Pictures with short captions:
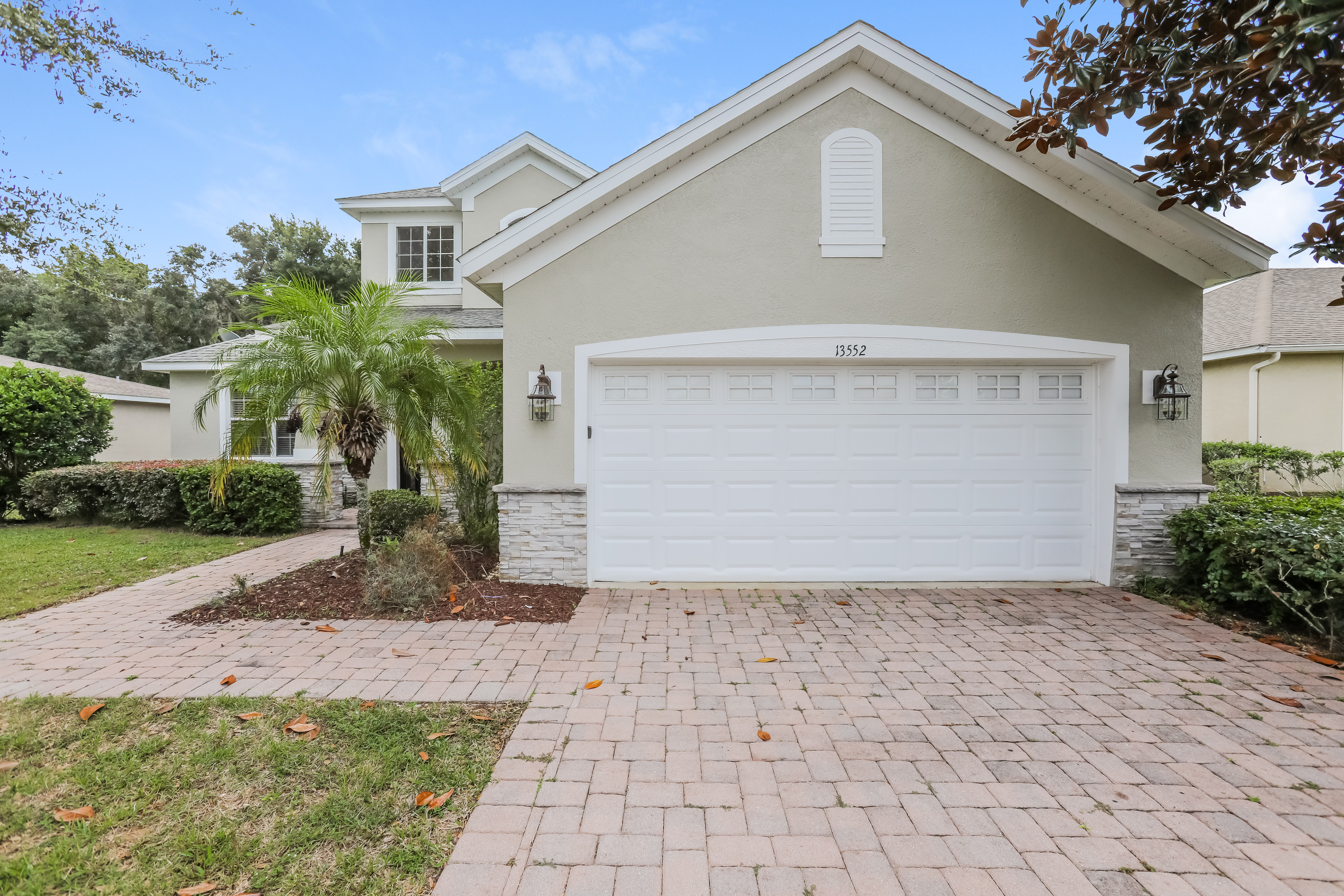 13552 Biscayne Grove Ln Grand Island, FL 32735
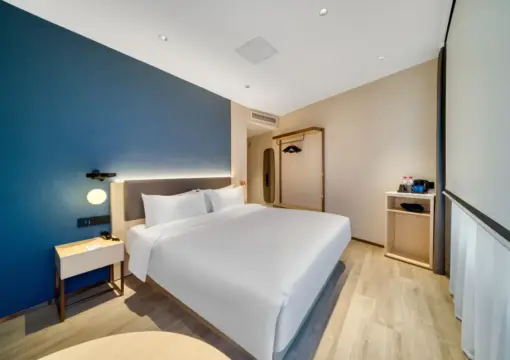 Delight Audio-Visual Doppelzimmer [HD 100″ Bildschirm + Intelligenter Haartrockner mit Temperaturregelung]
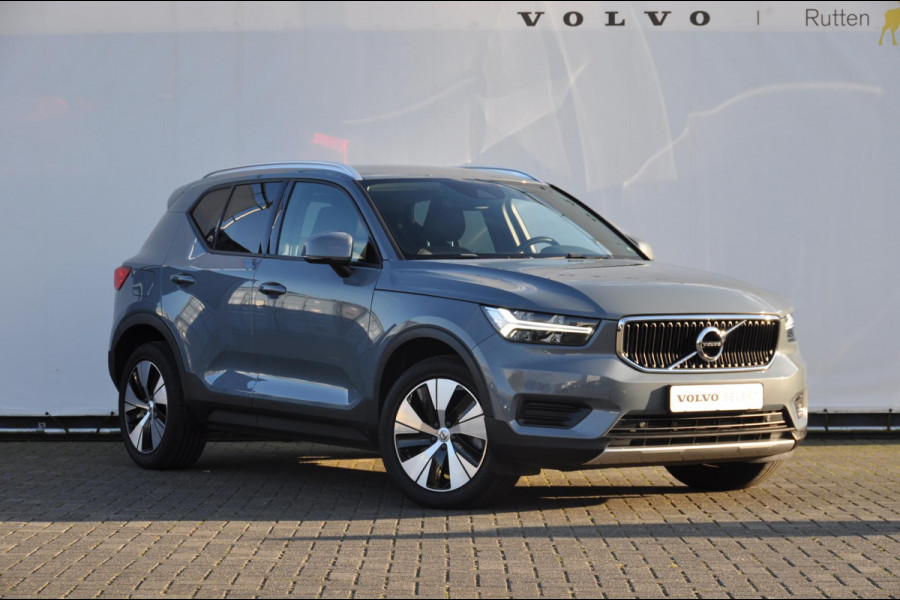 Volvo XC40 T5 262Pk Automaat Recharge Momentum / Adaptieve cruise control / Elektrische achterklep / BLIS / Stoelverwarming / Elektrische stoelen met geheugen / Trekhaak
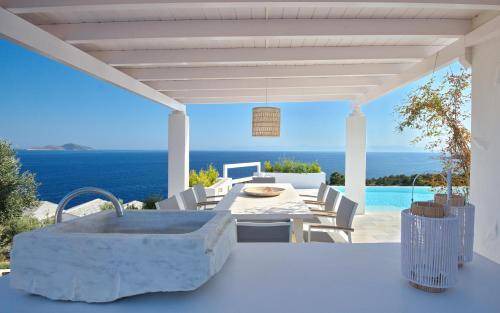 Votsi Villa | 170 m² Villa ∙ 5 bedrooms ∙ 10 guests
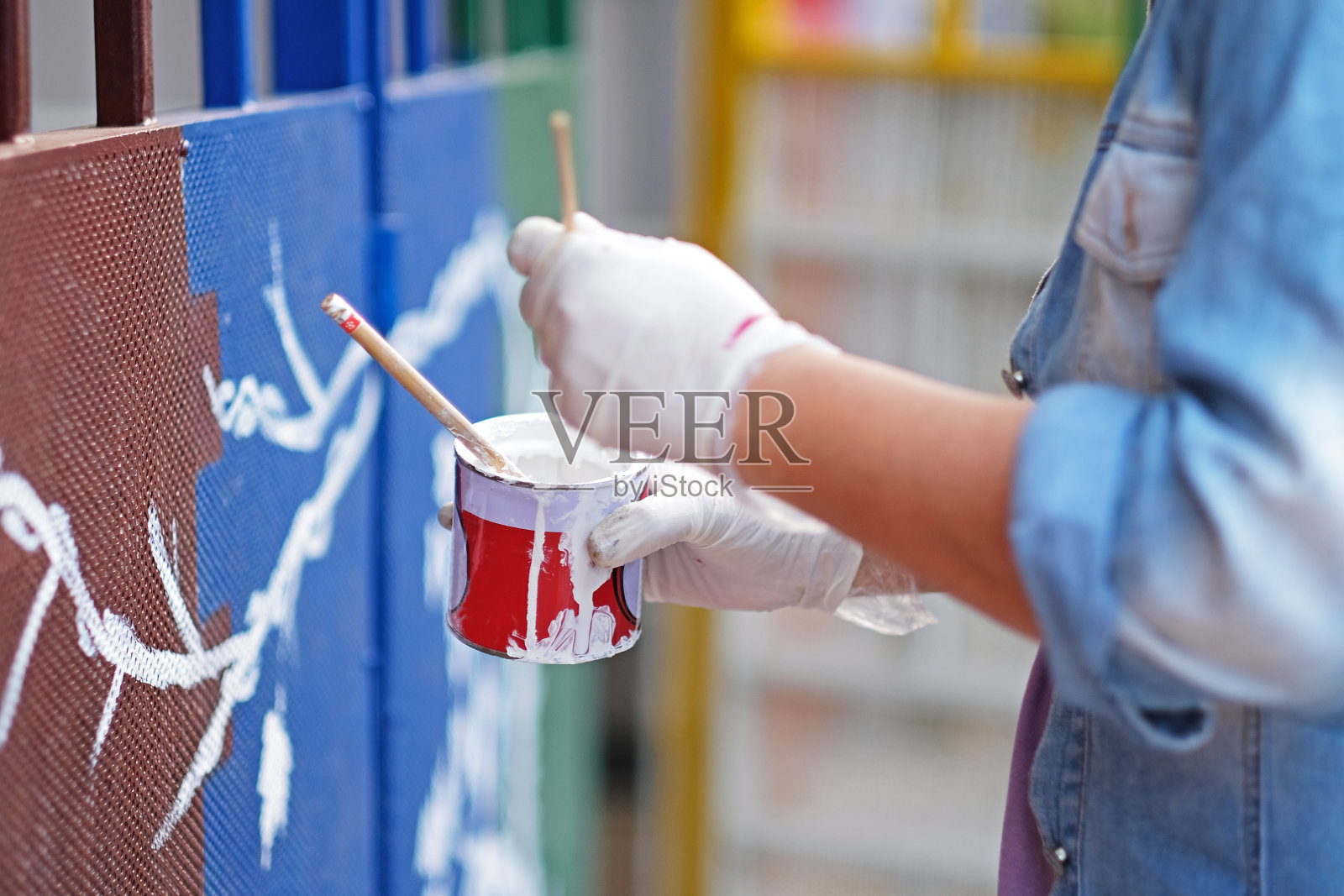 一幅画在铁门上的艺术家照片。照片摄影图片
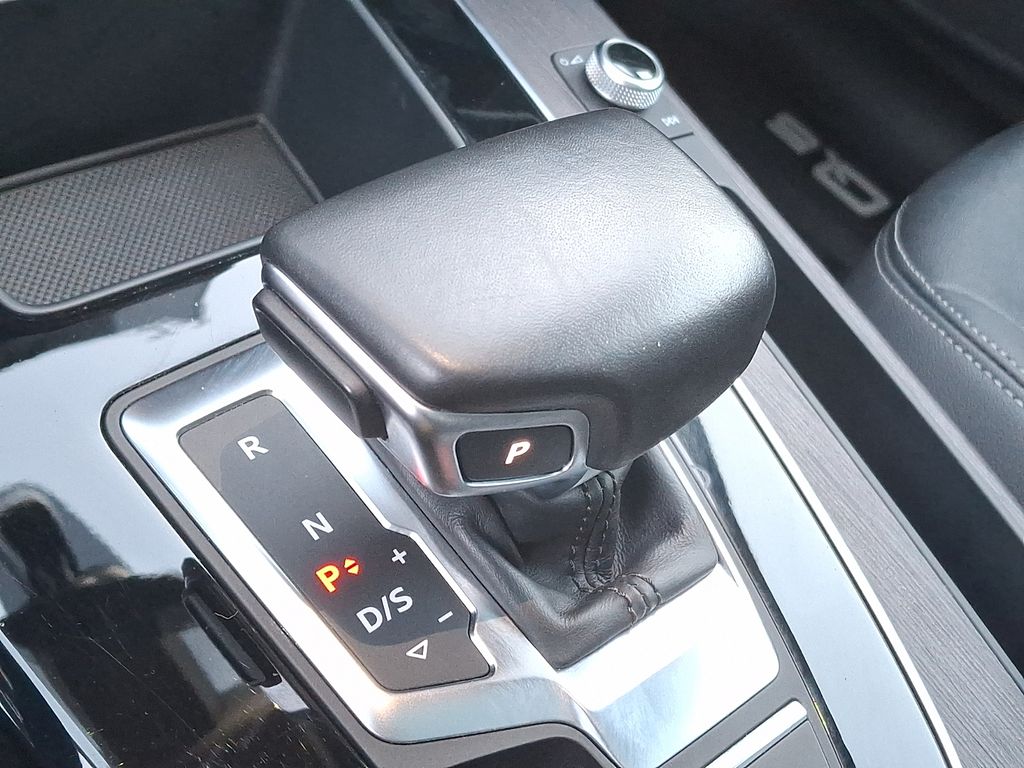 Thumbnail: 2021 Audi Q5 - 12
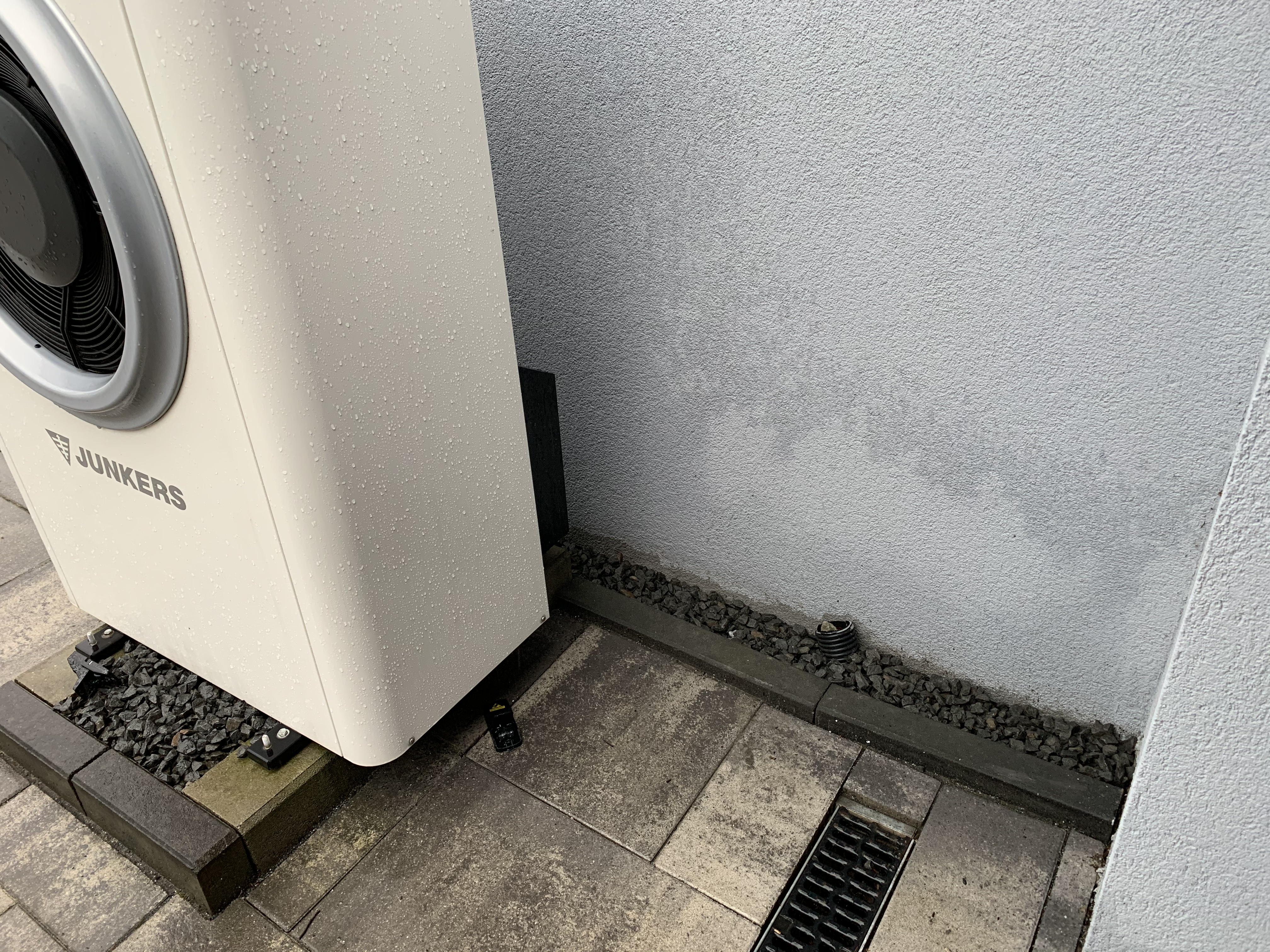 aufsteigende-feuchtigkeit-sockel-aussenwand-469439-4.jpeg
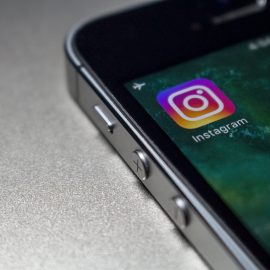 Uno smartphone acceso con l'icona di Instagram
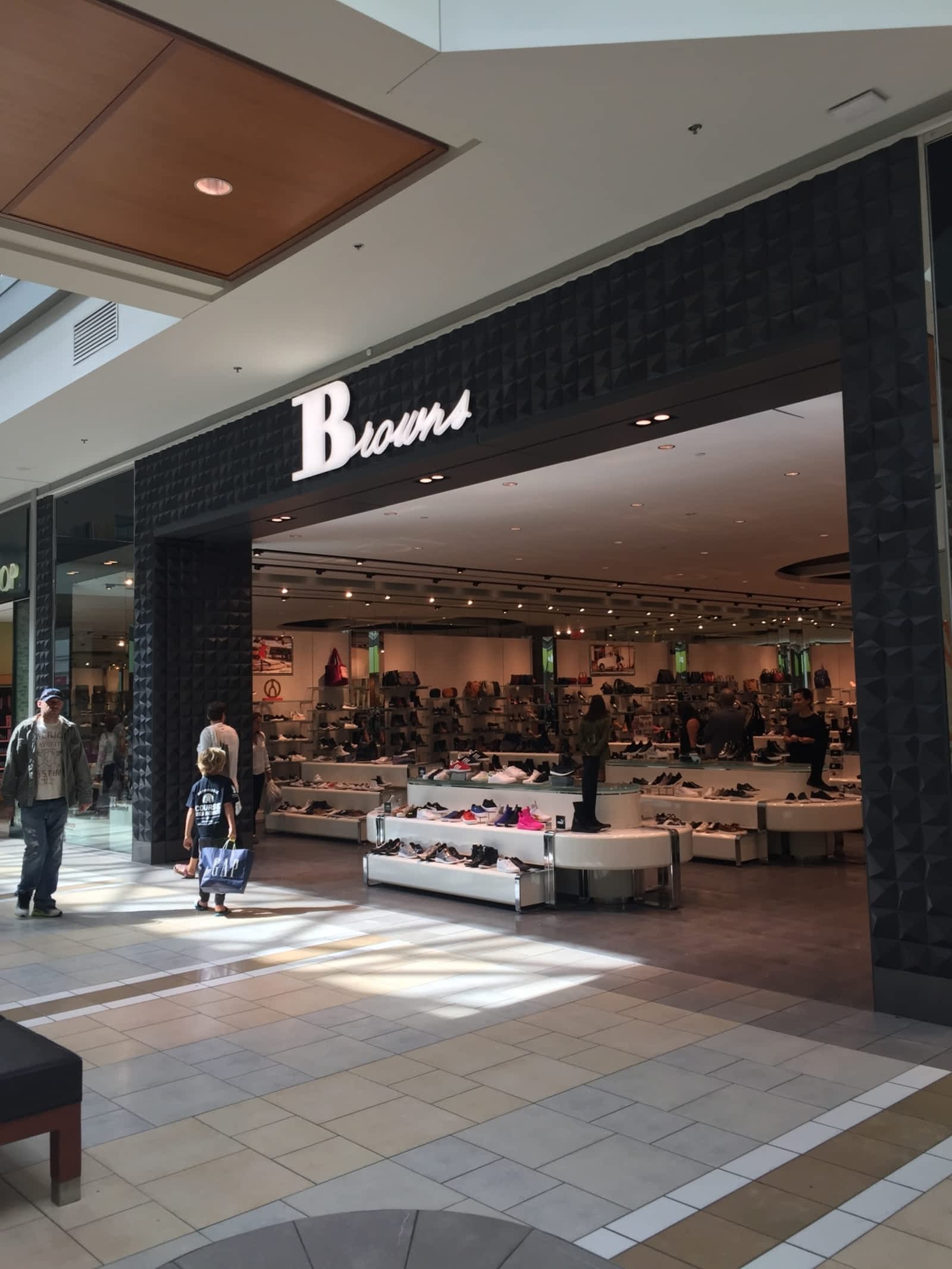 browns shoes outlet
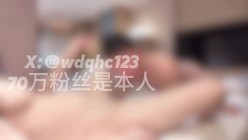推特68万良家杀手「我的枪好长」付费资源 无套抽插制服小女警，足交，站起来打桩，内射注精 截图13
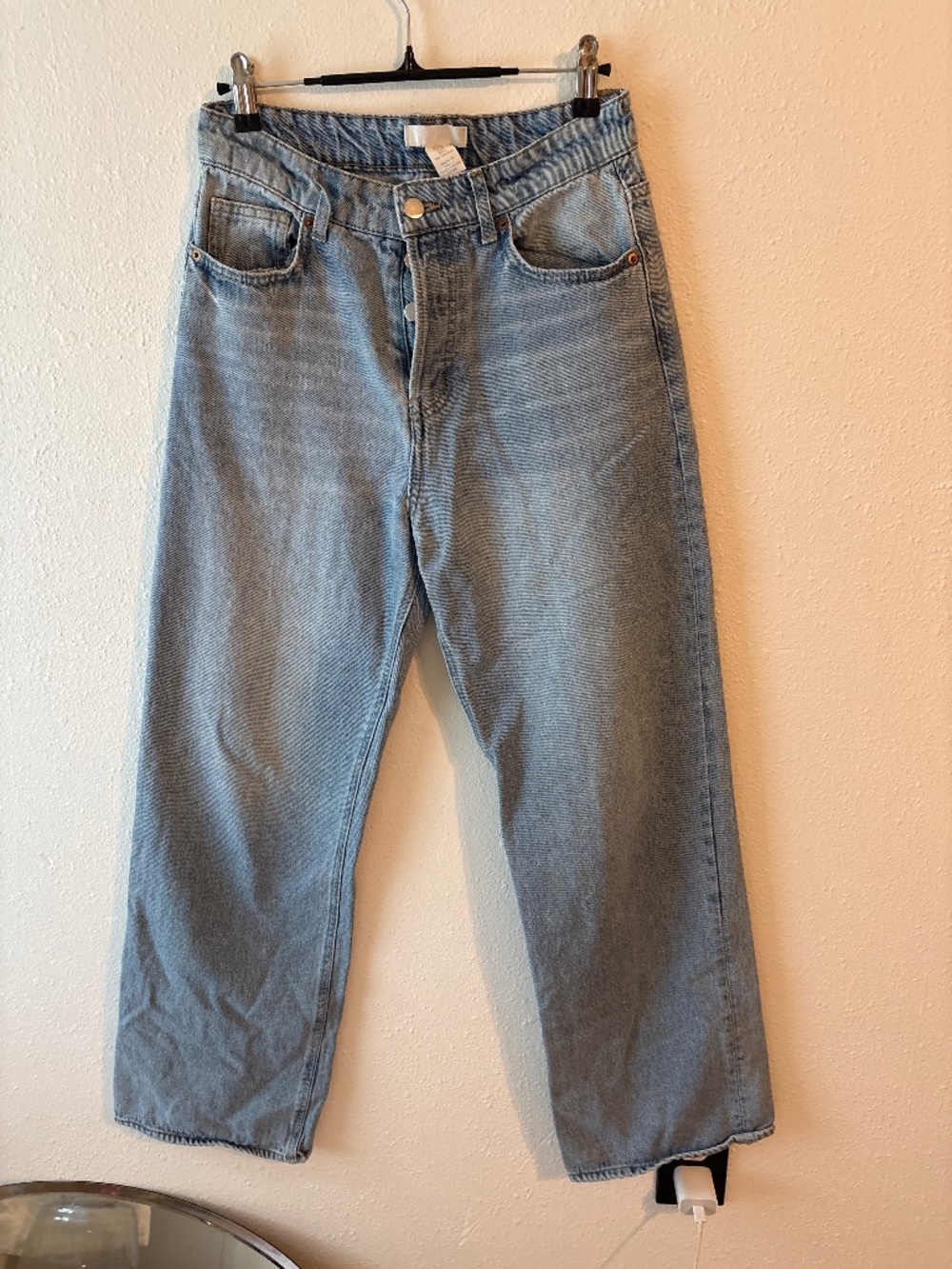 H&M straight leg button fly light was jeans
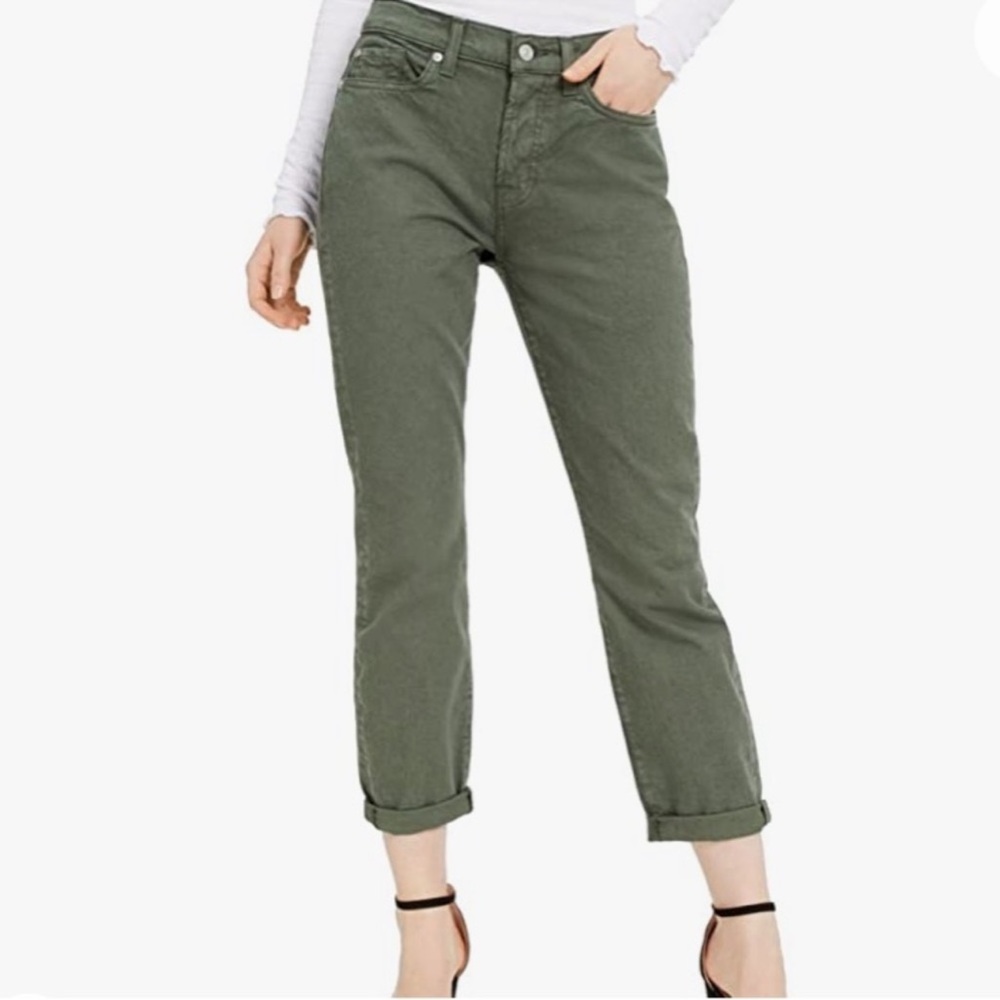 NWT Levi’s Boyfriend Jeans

_WORK INSTRUCTIONS_
Every entry should be written out word for word, except for its pictures.

_SOLUTION FOR THIS PROBLEM_
 13552 Biscayne Grove Ln Grand Island, FL 32735
 Delight Audio-Visual Doppelzimmer [HD 100″ Bildschirm + Intelligenter Haartrockner mit Temperaturregelung]
 Volvo XC40 T5 262Pk Automaat Recharge Momentum / Adaptieve cruise control / Elektrische achterklep / BLIS / Stoelverwarming / Elektrische stoelen met geheugen / Trekhaak
 Votsi Villa | 170 m² Villa ∙ 5 bedrooms ∙ 10 guests
 一幅画在铁门上的艺术家照片。照片摄影图片
 Thumbnail: 2021 Audi Q5 - 12
 aufsteigende-feuchtigkeit-sockel-aussenwand-469439-4.jpeg
 Uno smartphone acceso con l'icona di Instagram
 browns shoes outlet
推特68万良家杀手「我的枪好长」付费资源 无套抽插制服小女警，足交，站起来打桩，内射注精 截图13
 H&M straight leg button fly light was jeans
 NWT Levi’s Boyfriend Jeans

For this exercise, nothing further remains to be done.